* **Provided material**
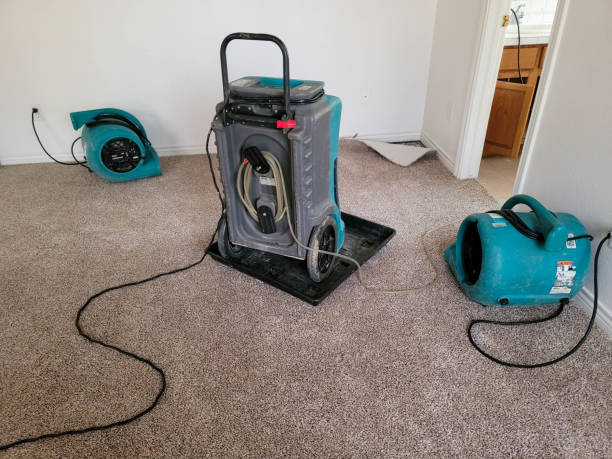 Best Sewage cleanup and water damage restoration  in Arcade, GA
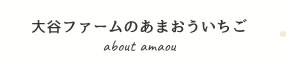 大谷ファームのあまおういちご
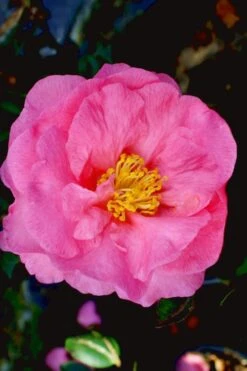 Stephanie Golden Dwarf Camellia Sasanqua - 3 Gallon Pot -Breeze Sprout Sales Camellia Stephanie Golden 12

* **Work request**
Quote the data above in full and without alteration; skip the pictures.

* **Completed task**
 Best Sewage cleanup and water damage restoration  in Arcade, GA
 大谷ファームのあまおういちご
 Stephanie Golden Dwarf Camellia Sasanqua - 3 Gallon Pot -Breeze Sprout Sales Camellia Stephanie Golden 12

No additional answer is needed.